ACTIVITY:
When you reproduce the data, keep every word exactly as it stands and leave the pictures out.

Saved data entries
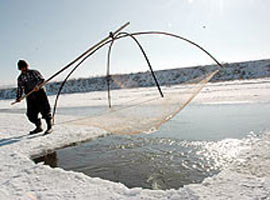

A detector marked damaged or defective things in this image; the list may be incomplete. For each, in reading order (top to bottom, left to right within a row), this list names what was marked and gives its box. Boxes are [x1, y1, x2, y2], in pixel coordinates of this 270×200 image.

bent pole frame [11, 21, 131, 105]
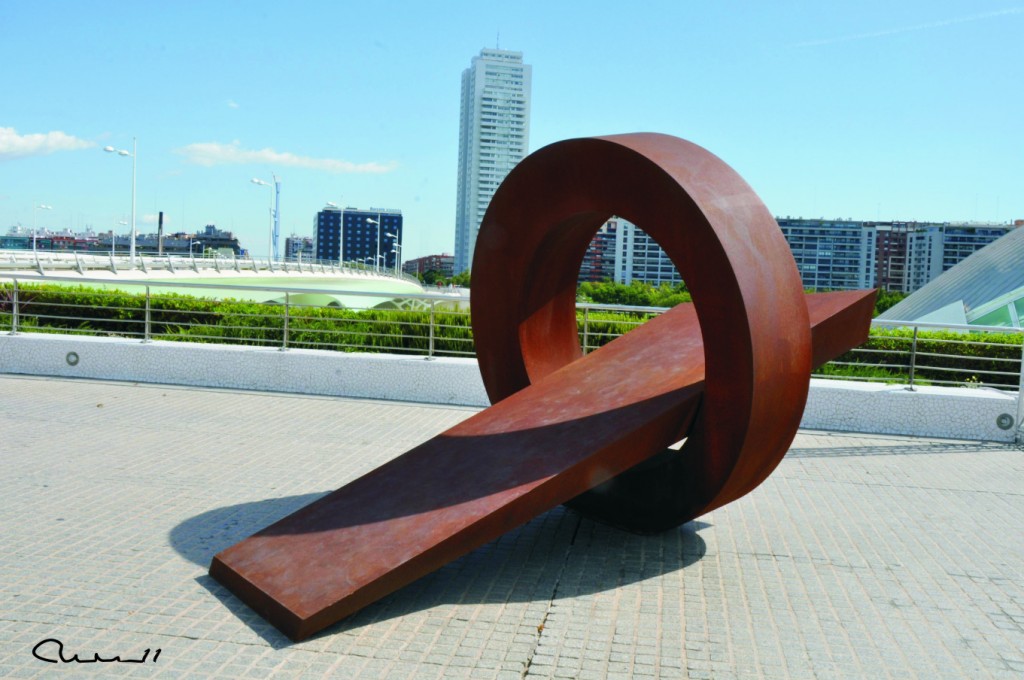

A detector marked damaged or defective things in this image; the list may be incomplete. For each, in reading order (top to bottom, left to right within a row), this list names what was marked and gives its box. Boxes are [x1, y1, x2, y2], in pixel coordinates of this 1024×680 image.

rusty corten steel [210, 134, 880, 644]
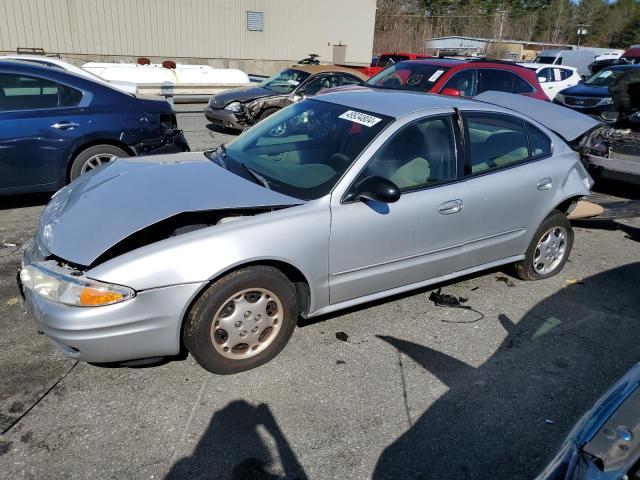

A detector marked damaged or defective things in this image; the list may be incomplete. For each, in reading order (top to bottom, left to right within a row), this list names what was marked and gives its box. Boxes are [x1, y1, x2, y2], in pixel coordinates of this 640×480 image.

detached bumper [204, 106, 246, 130]
crumpled hood [208, 87, 272, 109]
detached bumper [131, 129, 189, 156]
crumpled hood [38, 152, 302, 266]
damaged blue sedan [17, 90, 596, 376]
broken headlight [20, 262, 135, 308]
detached bumper [17, 251, 204, 360]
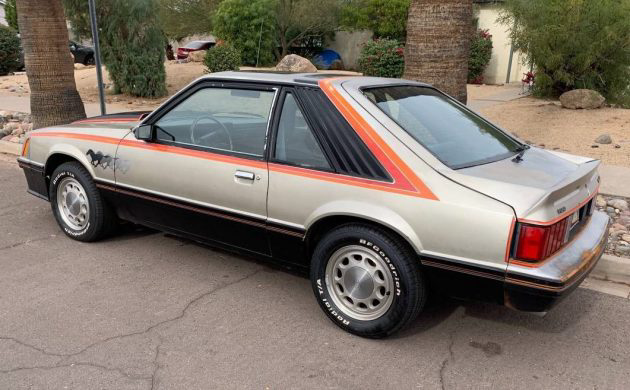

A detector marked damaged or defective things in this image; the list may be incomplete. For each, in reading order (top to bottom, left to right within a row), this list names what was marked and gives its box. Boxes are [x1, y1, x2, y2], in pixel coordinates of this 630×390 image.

crack in pavement [0, 266, 262, 380]
crack in pavement [440, 310, 470, 388]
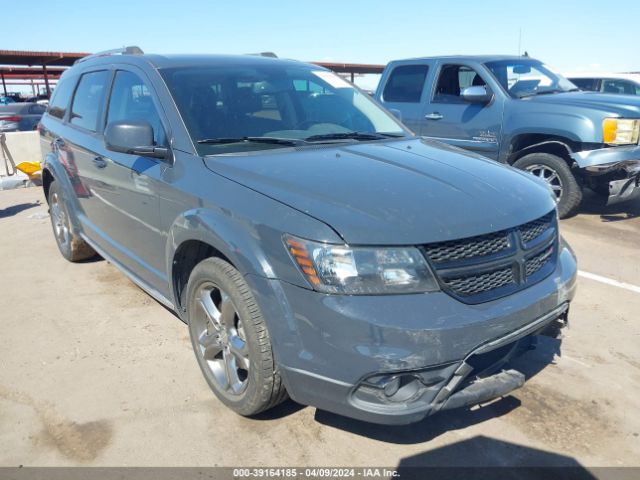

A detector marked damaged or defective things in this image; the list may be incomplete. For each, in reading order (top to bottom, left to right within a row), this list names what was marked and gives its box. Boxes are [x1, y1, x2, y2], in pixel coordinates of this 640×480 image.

damaged front bumper [572, 144, 640, 204]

SOLUTION FOR THIS EXERCISE:
A detector marked damaged or defective things in this image; the list may be incomplete. For each, in reading order (top to bottom, left to right within a row), this list names what was marked and gives its box. Boxes are [x1, y1, x2, y2], in pixel coordinates of this 270×200 image.

bent pole frame [11, 21, 131, 105]

A detector marked damaged or defective things in this image; the list may be incomplete. For each, in reading order (top to bottom, left to right within a row), this list names what was marked and gives its box. Boxes are [x1, y1, x2, y2], in pixel coordinates of this 1024×680 image.

rusty corten steel [210, 134, 880, 644]

A detector marked damaged or defective things in this image; the list may be incomplete. For each, in reading order (top to bottom, left to right within a row), this list names what was marked and gives its box. Boxes are [x1, y1, x2, y2], in pixel coordinates of this 640×480 image.

detached bumper [204, 106, 246, 130]
crumpled hood [208, 87, 272, 109]
detached bumper [131, 129, 189, 156]
crumpled hood [38, 152, 302, 266]
damaged blue sedan [17, 90, 596, 376]
broken headlight [20, 262, 135, 308]
detached bumper [17, 251, 204, 360]

A detector marked damaged or defective things in this image; the list may be incomplete. For each, in reading order (top to bottom, left to right within a row), this list names what was marked and gives its box. Boxes are [x1, y1, x2, y2], in pixel coordinates of this 630×390 image.

crack in pavement [0, 266, 262, 380]
crack in pavement [440, 310, 470, 388]

A detector marked damaged or defective things in this image; the list may be incomplete. For each, in reading order (top to bottom, left to right within a row), this list names what was marked and gives its box. Boxes are [x1, y1, x2, y2], in pixel coordinates of this 640×480 image.

damaged front bumper [572, 144, 640, 204]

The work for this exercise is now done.